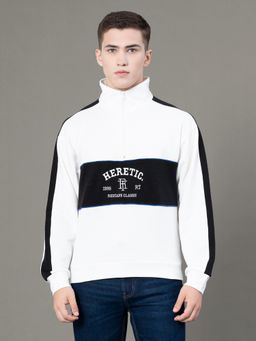 Red Tape - Mens Off White Colorblock Zipper Poly Cotton Mock Neck Baggy Fit Sweatshirt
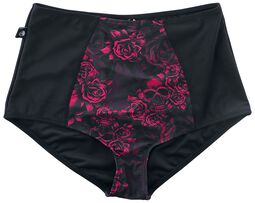 Black High-Waist Bikini Bottoms with Skull & Roses Motif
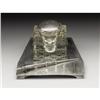 Image 1 : An American Glass and Silver Inkwell and Tray 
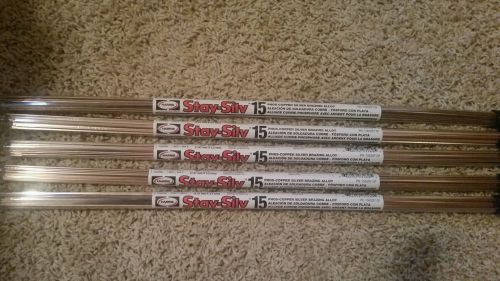 Quantity of 5 28 stick Harris Stay-Silv 15 brazing rod solder tubes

▸ **Exercise prompt**:
Only the words belong in your copy: restate the data above exactly and leave the images out.

▸ **Solution for this task**:
 Red Tape - Mens Off White Colorblock Zipper Poly Cotton Mock Neck Baggy Fit Sweatshirt
 Black High-Waist Bikini Bottoms with Skull & Roses Motif
 Image 1 : An American Glass and Silver Inkwell and Tray 
 Quantity of 5 28 stick Harris Stay-Silv 15 brazing rod solder tubes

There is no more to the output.